The 2008 crisis was about real estate caused by a number of factors including subprime mortgages, predatory lending practices, and securitization by lenders. Today’s crisis revolves around the cost of capital—how it remained incredibly cheap for too long and has now rapidly become more expensive. In the last year, teams that didn’t swiftly achieve profitability in response to the capital markets perished.

This VC/Startup Recession was caused by the rapid rise of interest rates, which took Silicon Valley Bank and every VC and startup by surprise. They didn’t cut headcount fast enough or tighten marketing budgets and margins quick enough. The sea change from rising interest rates, inflation, market saturation, consumer behavior shifts, and decreased funding swamped many startups last year.

The wave of tech layoffs continues to surge in 2024. According to layoffs tracker Layoffs.fyi, this year has already witnessed 60,000 job cuts across 254 companies after substantial workforce reductions in 2022 and 2023. In the early months of 2024, large companies including Amazon, Google Tesla, TikTok and Microsoft have carried out significant layoffs, while smaller startups have also faced considerable cuts and, in some cases, have completely shut down operations.

Although some rounds are still getting done, the valuations are misleading. Carta data shows that valuations have come down steeply for late stage companies, but the story for Seed and Series A is a little more oblique. This is because these rounds often come with steep liquidation preferences and/or warrant coverage—factors that aren’t reflected in valuation data.

VC funds on Carta called more capital in January 2024 than at any point since mid-2022, so there’s a lot of activity happening – most of it bridge rounds for portfolio companies that they’ve decided to support.

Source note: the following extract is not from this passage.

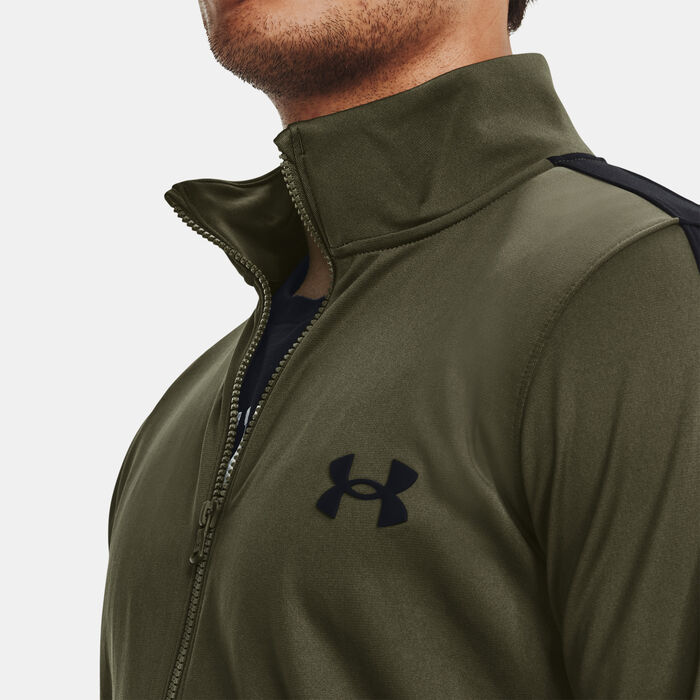 Under Armour Men's UA Knit Tracksuit Green Under Armour Men's UA Knit Tracksuit Green image number 2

The industry stands at a crossroads — while the challenges have been significant, they also present an opportunity for introspection and innovation. Investors are now (finally) prioritizing sustainable growth and profitability over rapid expansion, signaling a shift towards a more resilient and disciplined market. As the dust settles, those who adapt to the new norms will be well-positioned to lead the next wave of entrepreneurial success.

As the saying goes “What doesn’t kill you only makes you stronger.” If previous recessions have taught us anything it’s that companies that are born during recessions tend to outperform – they have to be scrappy from the start. AirBnB, UBER, Netflix, and Microsoft were all started in recessions. So, hopefully, the crop of ‘23 and ‘24 founded companies will be just that: stronger.